Un dispositif est avant tout un agencement d’éléments disparates, dont la combinaison a un but précis. Or selon Foucault, Deleuze, et Agamben à leur suite, un dispositif désigne aussi « tout ce qui a, d’une manière ou d’une autre, la capacité de capturer, d’orienter, de déterminer, d’intercepter, de modeler, de contrôler et d’assurer les gestes, les conduites, les opinions et les discours des êtres vivants ».

Le projet Modulation de Julien Clauss se propose d’appliquer cette dernière acception à contre- courant, pour tenter de trouver une liberté de forme, d’action, d’appropriation à travers l’expérience que le projet construit.

Modulation est un dispositif, à différents titres.
Il associe un instrument, constitué d’un acousmonium de radios, à un site.
Les phénomènes environnants tels que le changement de température à la nuit tombée, les levers de lune ou de soleil, la brise rafraîchissant la chaleur de midi deviennent déterminantes. Une interaction particulière s’instaure entre les sons joués sur l’instrument et le paysage, ce dialogue sublime le rapport au visuel en plongeant les participants dans une « chose en soi », un milieu.
De par son anatomie topographique, Modulation incite les auditeurs à des modes particuliers de déplacements et de stations dans le contexte. L’écoute peut être liée à une flânerie, un déplacement flottant (se laisser porter où le son nous emmène) ou à une nécessité, un but (chercher les différents points d’écoute, allant de la falaise d’en face à la rivière en contrebas), à quoi viennent s’ajouter les modalités pratiques du quotidien en bivouac pendant 24h (trouver un endroit plat pour dormir, se réunir autour d’un feu, aller faire ses besoins dans la forêt).

Modulation est une performance, participative et cinéplastique.
Opérant tant par leur mobilité que parce que le public est constitué des artistes eux-mêmes, les auditeurs sont les participants du dispositif. De plus, chacun devient instrumentiste de sa propre radio portable, en jouant du volume, de sa position et de son déplacement par rapports aux autres. Modulation produit de fait une réalisation esthétique éphémère à partir de ces trajets qu’elle incarne, qui constituent le caractère cinéplastique du projet (et pourraient être cartographiés à la façon du Collectif Stalker).
Ces déambulations deviennent une façon de se mettre à écouter (Listen de Max Neuhaus -1966) : en se déplaçant dans le champ sonore, l’auditeur instrumentalise son écoute par la marche. Il peut constituer sa propre expérience esthétique en associant ce qu’il choisit d’entendre (différents points d’écoute) avec la manière dont il choisit d’entendre (fixe, en déplacement).
La participation n’est pas ici un élément normatif ou une velléité volontariste, elle est induite, et « seulement » nécessaire pour que le dispositif soit mis en action ou pour que la performance existe.

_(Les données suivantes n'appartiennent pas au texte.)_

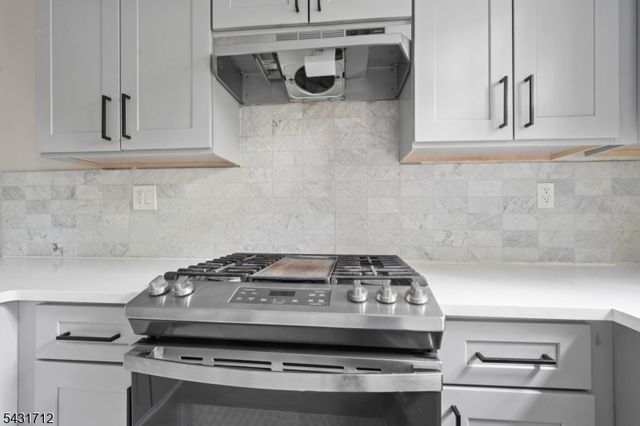 654 S 12Th St, Newark City, NJ 07103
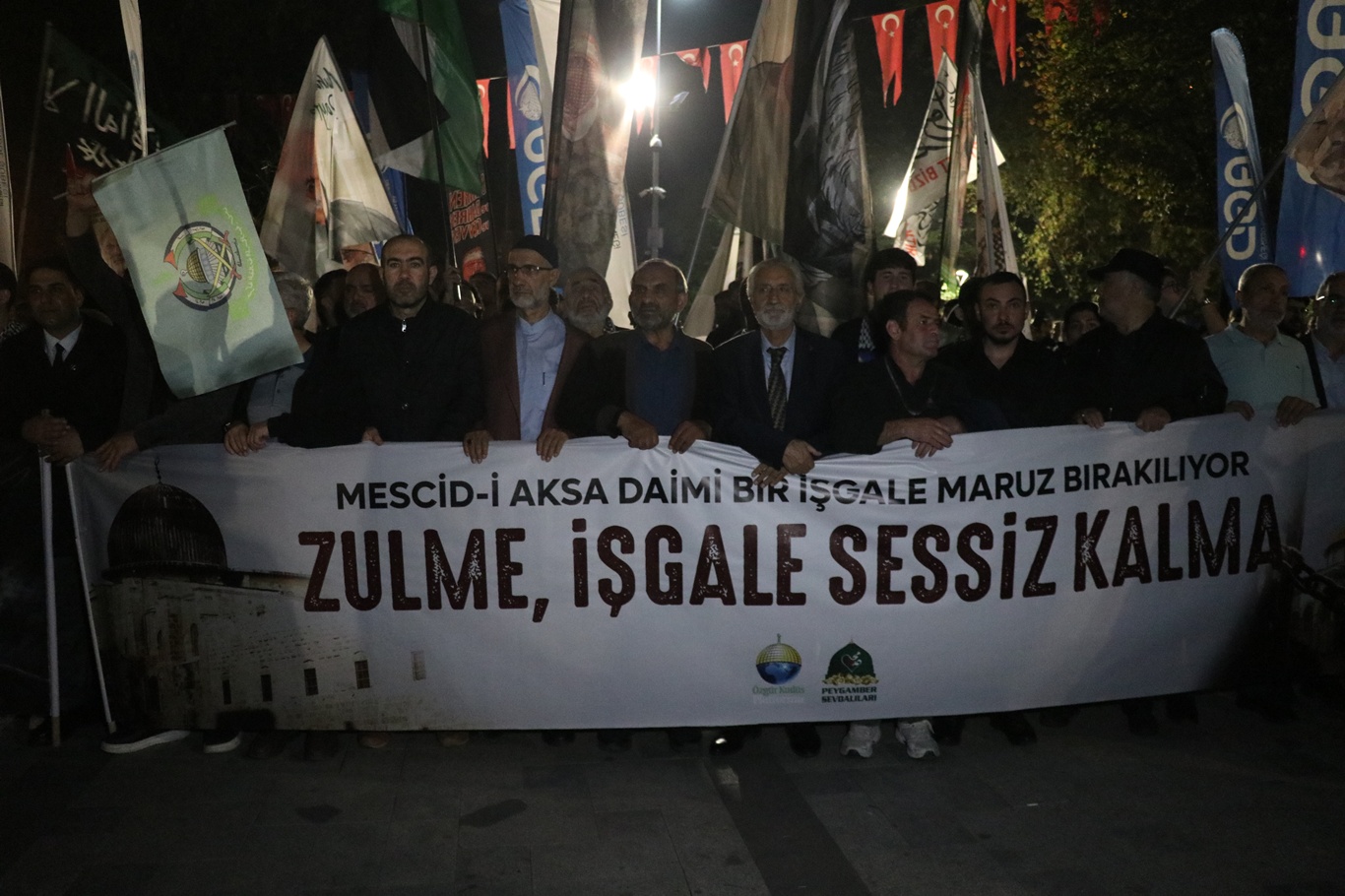 Aksa Tufanı'nın 3'üncü yıl dönümünde Peygamber Sevdalıları ve AGD'den ortak yürüyüş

On parlera d’activation du dispositif – comme de celle d’une machine aux multiples rouages – mais aussi d’une expérience performative – où la réalité se construisant dans sa complexité et s’auto-alimentant fait œuvre.
Dans « Marcher, Créer », Thierry Davila nous parle de produire les conditions d’une « activité dont la raison d’être consiste à ouvrir sa propre identité à ce qui est capable de la déporter vers des événements, des évolutions en apparence contingents mais qui deviennent en réalité structurellement constitutifs de l’activité elle-même, de sa configuration, et qui transfigurent sans cesse nombre de divisions établies (l’intérieur et l’extérieur, le structurel et l’accidentel) ». Dans Modulation, l’attitude devient forme elle-même.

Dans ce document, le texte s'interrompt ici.